Local officials are urging residents to have a plan to keep cool ahead of Sunday and to be mindful of anything that could spark a fire.

“These temperatures in excess of 100 degrees and with possible winds is pretty concerning that any spark could get up and create a fire,” said John Hendricks, Oregon State Fire Marshal public affairs specialist.

“We’re going to have temperatures in the 90s into the 100s, and lows that are going to be in the 70s. So, we’re not going to get any relief during the nighttime hours. So, what we want to make sure people know to do is make a plan to ensure that they’re prepared for this,” added Jeff Martin, Multnomah County environmental health manager.

With possible triple-digit temperatures on Sunday, Martin says people should know the signs of heat-related illness, such as nausea, vomiting, headache, a fast heartbeat and shallow breathing.
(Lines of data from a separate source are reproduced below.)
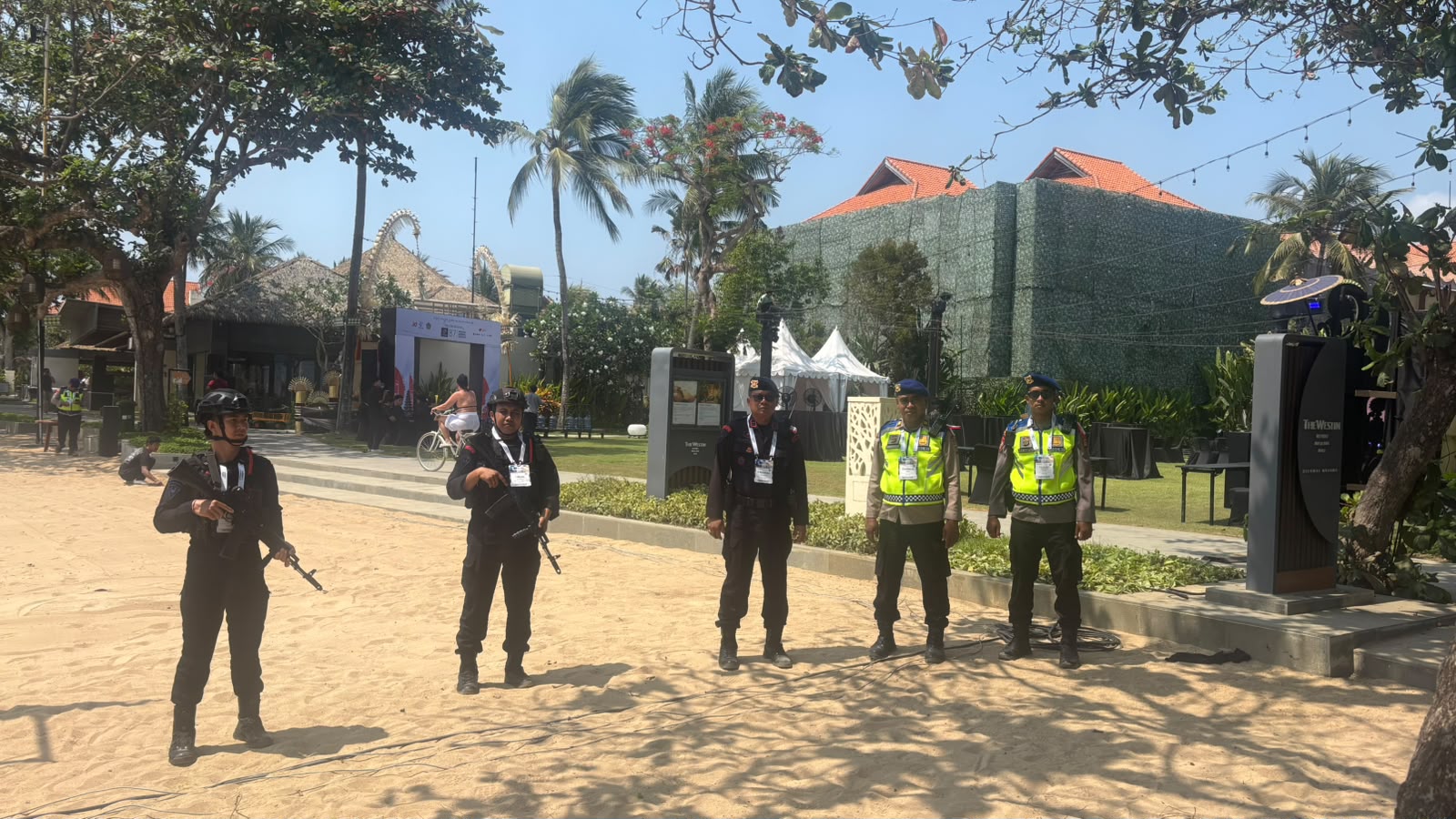 Bali Police Tighten Security for ICANN87 Welcome Dinner, Deploy Gegana Unit, K9 Teams, and ATV Patrols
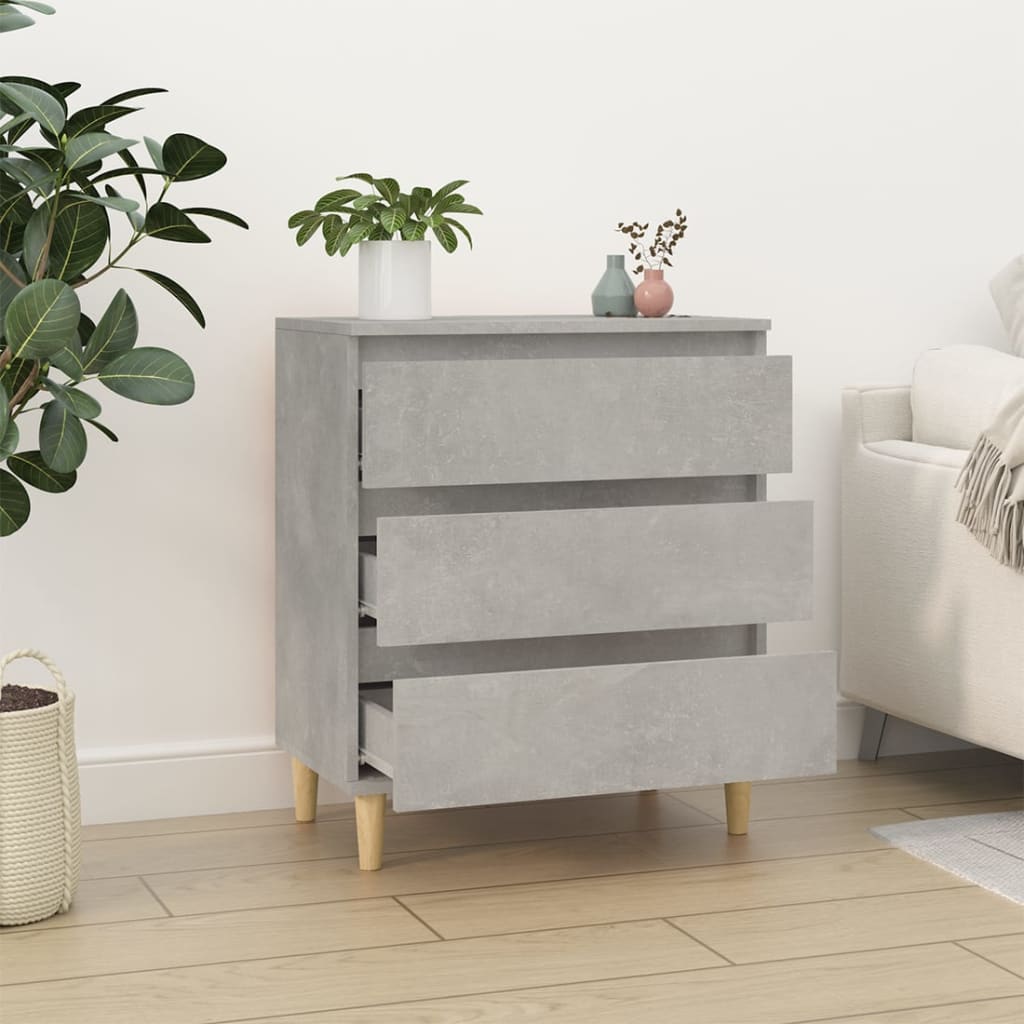 Credenza-Buffet-Armadio da cucina Grigio Cemento 60x35x70 cm in Legno Multistrato 321354
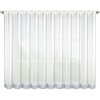 Záclona Dekorační krátká záclona se zirkony s řasící páskou MADELEINE bílá 300x150 cm nebo 400x150 cm MyBestHome Rozměr: 400x150 cm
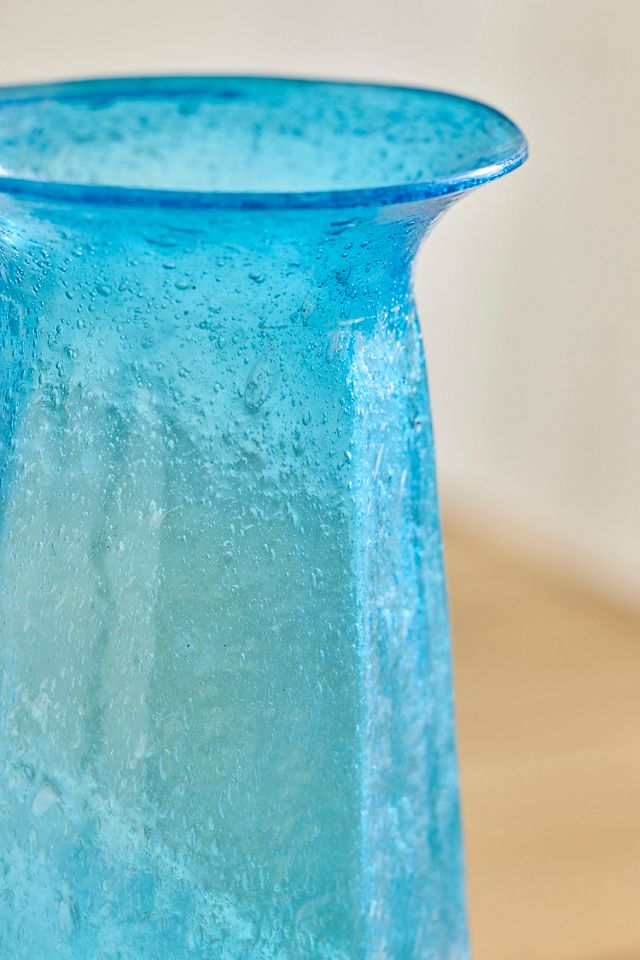 Ocean Recycled Glass Vase #2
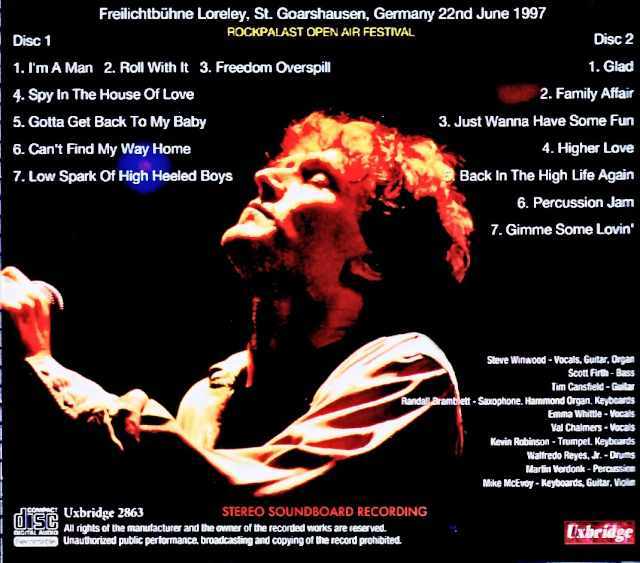 Steve Winwood / Germany 06.22.1997 Complete Soundboard Edition - Image 2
He recommends residents to stay hydrated, reduce exposure to the heat and use AC if possible – as well as look after pets, kids, and vulnerable neighbors.

“A lot of people may be isolated over the next couple of days and so we want to make sure that people are checking with them on a routine basis, not just one time and then moving on. We want to make sure that they’re checking on them daily to ensure that they’re healthy and safe.”

In anticipation of the heat wave, TriMet says Max lines could be delayed, as the rails can reach temperatures up to 30 degrees hotter than the actual temperature.

While the county has not yet opened cooling shelters, officials say that could change with the forecast. Libraries, misting stations and splash pads are also available for those looking to beat the heat.

But health concerns aren’t the only potential threat this weekend. With red flag warnings in effect and several wildfires still burning west of the Cascades, the Oregon State Fire Marshal says they are pre-positioning two task forces in Lane County starting Saturday afternoon.

Although the agency says they’ve been able to hire nearly 400 seasonal firefighters thanks to increased state funding, they are urging residents to do their part in helping keep the state green by adhering to local burn bans and being extra vigilant when monitoring fires and their surroundings.

“Mother nature can throw us some curveballs with lightning and winds and heat and different things like that. We can respond to those fires. But one thing that we can control in all of this is preventing those human-caused fires. So, we’re really asking folks to be mindful of the conditions and really pay attention and help us out,” Hendricks said.